I’m currently in the market for an LLM eval system / project / pipeline I can use in my Go- and LLM-powered applications. This is a post to gather my thoughts and expose them to the wide internet. Think of it like a stream-of-thought post that might give you some ideas and food for thought as well.

Evals are kind of like traditional software tests, but also they aren’t.

They are something I want to run automatically on code changes, preferably in my CI system, and which can give me an idea of whether changes in the code and prompts are for the better or for the worse. Both for the current changes, but also as a trend across time.

But they are indeterministic in a way we as deterministic-code-developers aren’t as used to yet. They don’t necessarily need to pass all the time, at least not all of them. They can diverge from their previously determined result and still be acceptable. (I think? Maybe it really is a boolean result we’re after?)

I don’t want this to be a part of some platform where I need to log in to see my changes. I want it as part of my regular pipeline, which I think is important. Third party platforms have the advantage of being able to incorporate real data from real users via some form of telemetry, which is nice, but I think the core signal on whether changes are good or bad should live within the project itself. Just like unit tests.

But the “real data” aspect is interesting, and reminds me of fuzz testing. Given a prompt and some real-world context data, what is the output? Can this be fed back into the project as some form of eval test corpus?

Concrete evaluation pipeline §

This is the system I think I want:

  1. Do some changes in code and prompts in my application
  2. Change the evals as well to match the changes, if applicable, just like with regular tests
  3. Push the changes to Github and get the CI pipeline going in Github Actions
  4. Along with my traditional tests passing, I want to see the results of my evals, and how they compare to previous runs
  5. If the result is satisfactory, I merge and deploy the change

If an issue comes up in the deployed app, I want to be able to reproduce the problem, add it to my data corpus for evals, fix the problem, and make the app more robust. This isn’t that different from how I would normally fix a bug.

Building into the existing toolchain §

Go has a great testing toolchain built into the official language tooling. If eval output is binary (pass or fail), just like test cases, this would mean that what I really need is code that maps the result from a language model to a pass/fail. Then the test harness and existing tooling can take care of the rest, and there’s no need to reinvent the wheel in terms of tooling, output handling, etc.

This would basically be testify on steroids tailored to LLMs. Embeddings similarity checking (cosine similarity or similar), LLM-as-a-judge, and probably other scoring methods.
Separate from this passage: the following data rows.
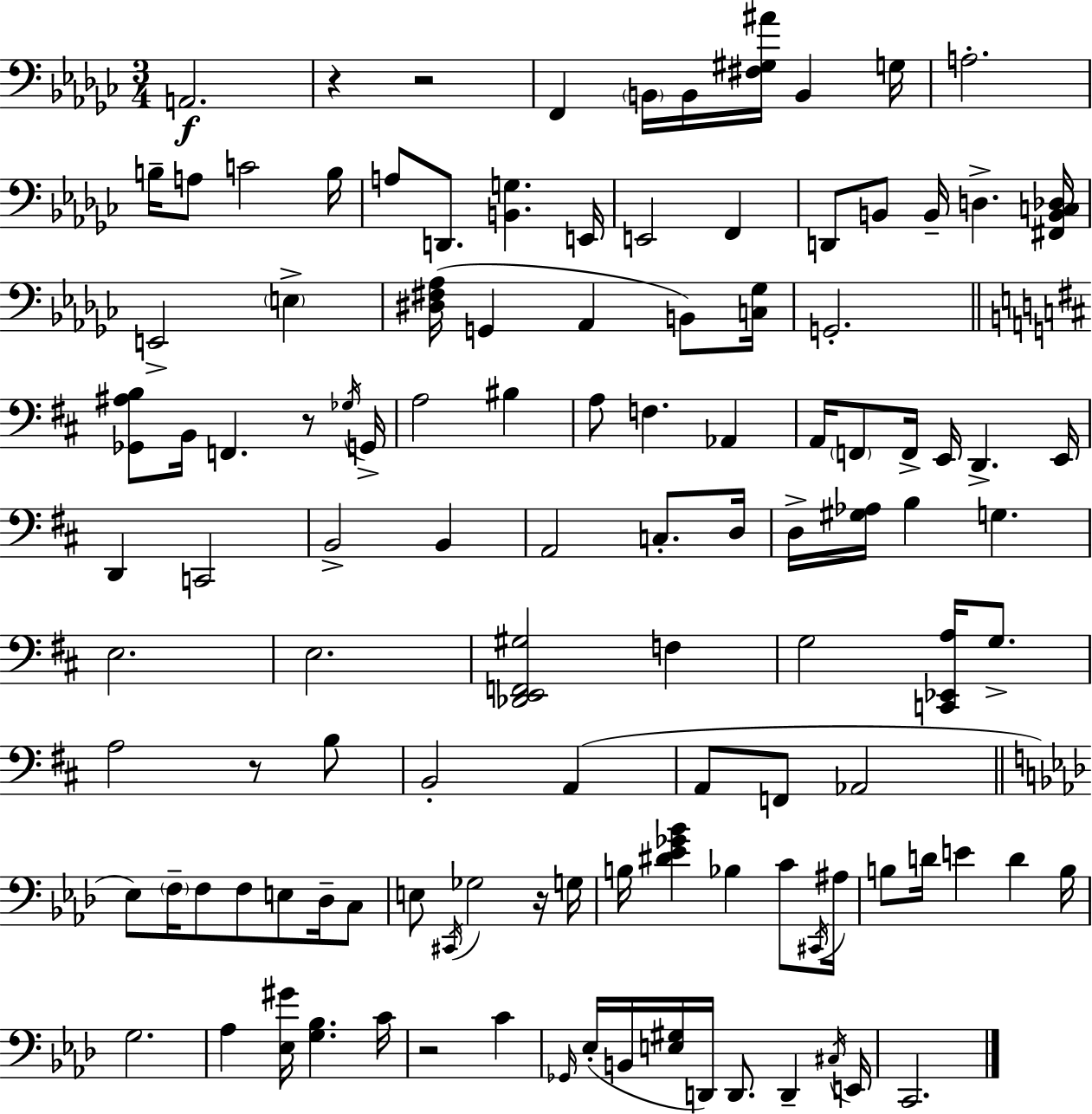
{
  \clef bass
  \numericTimeSignature
  \time 3/4
  \key ees \minor
  a,2.\f | r4 r2 | f,4 \parenthesize b,16 b,16 <fis gis ais'>16 b,4 g16 | a2.-. | \break b16-- a8 c'2 b16 | a8 d,8. <b, g>4. e,16 | e,2 f,4 | d,8 b,8 b,16-- d4.-> <fis, b, c des>16 | \break e,2-> \parenthesize e4-> | <dis fis aes>16( g,4 aes,4 b,8) <c ges>16 | g,2.-. | \bar "||" \break \key b \minor <ges, ais b>8 b,16 f,4. r8 \acciaccatura { ges16 } | g,16-> a2 bis4 | a8 f4. aes,4 | a,16 \parenthesize f,8 f,16-> e,16 d,4.-> | \break e,16 d,4 c,2 | b,2-> b,4 | a,2 c8.-. | d16 d16-> <gis aes>16 b4 g4. | \break e2. | e2. | <des, e, f, gis>2 f4 | g2 <c, ees, a>16 g8.-> | \break a2 r8 b8 | b,2-. a,4( | a,8 f,8 aes,2 | \bar "||" \break \key aes \major ees8) \parenthesize f16-- f8 f8 e8 des16-- c8 | e8 \acciaccatura { cis,16 } ges2 r16 | g16 b16 <dis' ees' ges' bes'>4 bes4 c'8 | \acciaccatura { cis,16 } ais16 b8 d'16 e'4 d'4 | \break b16 g2. | aes4 <ees gis'>16 <g bes>4. | c'16 r2 c'4 | \grace { ges,16 }( ees16-. b,16 <e gis>16 d,16) d,8. d,4-- | \break \acciaccatura { cis16 } e,16 c,2. | \bar "|."
}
Human evaluators would not be possible in this way, I think, since there’s no way to pause and wait for evaluation as part of the test harness. (Unless, of course, they could just wait for input indefinitely and continue when available. But I’m sure there are many timeouts in the pipeline that would have passed.)

Closing thoughts §

I like conceptually simple systems. That’s why I’m attracted to Go, SQLite, and more, and not particularly drawn to big platform-like tools/frameworks like LangChain. Maybe what I need is just an evals Go library with a relatively small API surface area that can’t do everything but enough to be useful?

A picture of me, Markus.

I’m Markus, an independent software consultant and developer. 🤓✨ Reach me at markus@maragu.dk.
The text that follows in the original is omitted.